There aren’t many things that can out-camp a Jacobean tragedy, but an ‘80s soap opera is one of them. Here, somewhat gloriously, director Amy Hodge has given Thomas Middleton’s seventeenth-century-drama ‘Woman Beware Women’ a ‘Dynasty’-style makeover.
It absolutely makes sense: both are ultimately about the petty machinations of the idle rich, and Hodge’s glossy take feels more justifiable than treating Middleton’s manifestly overwrought tale with total seriousness. She also has the sensitivity to not make it entirely silly: the story does ultimately pivot on the Duke of Florence’s (Simon Kunz) rape of Thalissa Teixeira’s Bianca (depicted in an abstract and unexplicit fashion) and their subsequent relationship. This is the darkest bit of the story and it’s dealt with respectfully – Bianca’s disillusionment and morbid acceptance that a relationship with her rapist is the best way to survive in this cynical society feels resonant with many of the recent Harvey Weinstein testimonies.
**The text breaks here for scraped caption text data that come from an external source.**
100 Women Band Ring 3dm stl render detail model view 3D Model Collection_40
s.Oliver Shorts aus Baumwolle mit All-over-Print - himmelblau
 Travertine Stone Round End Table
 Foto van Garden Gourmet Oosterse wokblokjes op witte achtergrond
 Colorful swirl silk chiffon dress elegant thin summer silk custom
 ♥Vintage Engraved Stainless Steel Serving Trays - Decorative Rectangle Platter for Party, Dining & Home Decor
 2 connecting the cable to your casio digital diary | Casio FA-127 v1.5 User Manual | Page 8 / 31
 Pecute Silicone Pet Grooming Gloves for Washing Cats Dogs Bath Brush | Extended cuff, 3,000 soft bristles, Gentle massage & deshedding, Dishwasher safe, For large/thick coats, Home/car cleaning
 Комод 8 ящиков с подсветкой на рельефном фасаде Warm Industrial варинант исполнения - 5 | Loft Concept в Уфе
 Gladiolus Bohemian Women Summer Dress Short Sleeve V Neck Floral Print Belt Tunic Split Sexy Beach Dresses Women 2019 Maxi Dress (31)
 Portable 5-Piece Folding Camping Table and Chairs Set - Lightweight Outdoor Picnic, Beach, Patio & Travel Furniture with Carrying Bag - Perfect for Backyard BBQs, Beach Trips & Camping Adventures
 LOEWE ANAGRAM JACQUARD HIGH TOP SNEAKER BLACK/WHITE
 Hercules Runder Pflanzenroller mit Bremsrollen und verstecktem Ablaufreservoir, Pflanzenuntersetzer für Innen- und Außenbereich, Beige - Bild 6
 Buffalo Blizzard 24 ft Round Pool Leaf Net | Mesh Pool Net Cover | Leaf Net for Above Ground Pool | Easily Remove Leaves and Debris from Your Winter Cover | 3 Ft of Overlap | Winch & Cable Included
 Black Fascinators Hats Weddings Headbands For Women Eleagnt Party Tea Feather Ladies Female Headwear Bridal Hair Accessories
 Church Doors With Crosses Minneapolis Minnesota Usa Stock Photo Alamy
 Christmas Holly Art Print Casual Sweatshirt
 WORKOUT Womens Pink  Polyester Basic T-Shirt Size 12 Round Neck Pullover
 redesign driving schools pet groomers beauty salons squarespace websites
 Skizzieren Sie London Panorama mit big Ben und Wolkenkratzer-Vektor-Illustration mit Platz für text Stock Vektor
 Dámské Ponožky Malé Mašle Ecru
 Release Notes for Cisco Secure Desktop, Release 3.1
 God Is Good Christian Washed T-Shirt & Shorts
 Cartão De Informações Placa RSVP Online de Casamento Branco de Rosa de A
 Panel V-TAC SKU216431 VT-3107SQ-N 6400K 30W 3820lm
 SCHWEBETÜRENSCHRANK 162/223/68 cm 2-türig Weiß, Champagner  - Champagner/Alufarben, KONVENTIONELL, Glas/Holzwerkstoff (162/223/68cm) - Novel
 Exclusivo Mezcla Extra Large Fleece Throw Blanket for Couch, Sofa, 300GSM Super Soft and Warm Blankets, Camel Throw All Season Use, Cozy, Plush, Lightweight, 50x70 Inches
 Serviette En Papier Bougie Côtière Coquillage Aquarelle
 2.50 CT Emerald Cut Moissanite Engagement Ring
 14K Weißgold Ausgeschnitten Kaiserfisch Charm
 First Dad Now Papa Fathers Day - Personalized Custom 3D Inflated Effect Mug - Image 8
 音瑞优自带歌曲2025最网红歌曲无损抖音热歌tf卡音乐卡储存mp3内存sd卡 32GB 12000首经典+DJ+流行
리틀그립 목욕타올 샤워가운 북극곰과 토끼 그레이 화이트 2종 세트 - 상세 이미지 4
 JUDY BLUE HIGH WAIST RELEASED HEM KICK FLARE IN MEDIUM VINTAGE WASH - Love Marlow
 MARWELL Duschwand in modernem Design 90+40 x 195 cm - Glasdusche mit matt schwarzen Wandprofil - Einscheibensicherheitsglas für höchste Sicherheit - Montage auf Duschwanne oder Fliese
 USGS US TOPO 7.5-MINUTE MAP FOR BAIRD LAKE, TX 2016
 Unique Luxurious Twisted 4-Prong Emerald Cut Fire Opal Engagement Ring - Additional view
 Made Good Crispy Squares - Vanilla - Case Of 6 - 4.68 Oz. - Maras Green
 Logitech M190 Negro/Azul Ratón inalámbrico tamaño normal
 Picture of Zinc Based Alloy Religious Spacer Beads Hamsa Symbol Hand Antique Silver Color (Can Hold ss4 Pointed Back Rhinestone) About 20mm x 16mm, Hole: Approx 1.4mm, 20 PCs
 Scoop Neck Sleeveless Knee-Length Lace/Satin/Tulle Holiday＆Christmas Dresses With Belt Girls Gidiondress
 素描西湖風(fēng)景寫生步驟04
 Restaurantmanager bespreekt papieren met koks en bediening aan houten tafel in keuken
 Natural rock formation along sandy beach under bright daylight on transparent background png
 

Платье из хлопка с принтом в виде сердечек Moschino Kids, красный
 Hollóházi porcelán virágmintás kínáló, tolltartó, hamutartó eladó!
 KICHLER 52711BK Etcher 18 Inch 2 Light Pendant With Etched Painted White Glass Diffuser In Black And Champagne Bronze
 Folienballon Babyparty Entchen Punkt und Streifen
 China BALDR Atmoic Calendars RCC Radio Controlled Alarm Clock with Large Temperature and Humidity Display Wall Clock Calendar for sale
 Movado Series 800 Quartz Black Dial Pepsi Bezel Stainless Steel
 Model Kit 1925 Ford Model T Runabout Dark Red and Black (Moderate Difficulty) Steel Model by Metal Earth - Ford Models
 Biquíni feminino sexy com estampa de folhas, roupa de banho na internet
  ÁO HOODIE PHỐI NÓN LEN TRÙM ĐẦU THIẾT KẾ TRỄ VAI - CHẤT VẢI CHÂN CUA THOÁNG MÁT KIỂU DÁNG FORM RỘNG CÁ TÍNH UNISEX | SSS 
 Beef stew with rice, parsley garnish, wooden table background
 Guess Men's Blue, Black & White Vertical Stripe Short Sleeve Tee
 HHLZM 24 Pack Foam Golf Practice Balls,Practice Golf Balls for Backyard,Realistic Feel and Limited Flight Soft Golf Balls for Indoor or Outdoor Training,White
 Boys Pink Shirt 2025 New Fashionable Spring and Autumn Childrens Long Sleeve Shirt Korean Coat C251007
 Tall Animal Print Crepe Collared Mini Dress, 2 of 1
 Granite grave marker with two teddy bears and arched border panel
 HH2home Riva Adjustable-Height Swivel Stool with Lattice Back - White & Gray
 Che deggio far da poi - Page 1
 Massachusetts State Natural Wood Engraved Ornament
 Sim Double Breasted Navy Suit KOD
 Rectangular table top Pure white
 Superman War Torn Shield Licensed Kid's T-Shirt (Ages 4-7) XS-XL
For the most part, though, it sees the funny side, with cheerily scenery-chewing performances across the board, fabulously kitschy costumes and – in an agreeably on-the-nose flourish – a set from Joanna Scotcher that centres on a very familiar-looking gold lift. A husky-voiced, gilt-trousered Tara Fitzgerald is particularly wonderful as the ludicrously conniving Livia – clearly this show’s Alexis Carrington. While Gloria Onitiri‘s barkingly self-assured, Lionel Richie-permed Guardiano and Olivia Vinall’s briefly innocent ingenue Isabella are also particularly good fun.
Like the great soaps, the problem is how to end it. If you’re familiar with the concept of Jacobean tragedy than it’s hardly a spoiler to tell you that basically everybody dies. But this doesn’t really suit the lighter tone Hodge has established, and while ending things in a welter of hyper-stylised campy gore might have been a way to get away with it, that’s not the case – everyone just sort of kills everybody else within a couple of minutes in a sequence too silly to feel tragic, but it’s not milked for enough laughs to feel like a wilful gesture of absurdity. This is an audacious take on ‘Women Beware Women’, but it loses its nerve at the end, and the final bloodbath feels weirdly anticlimactic.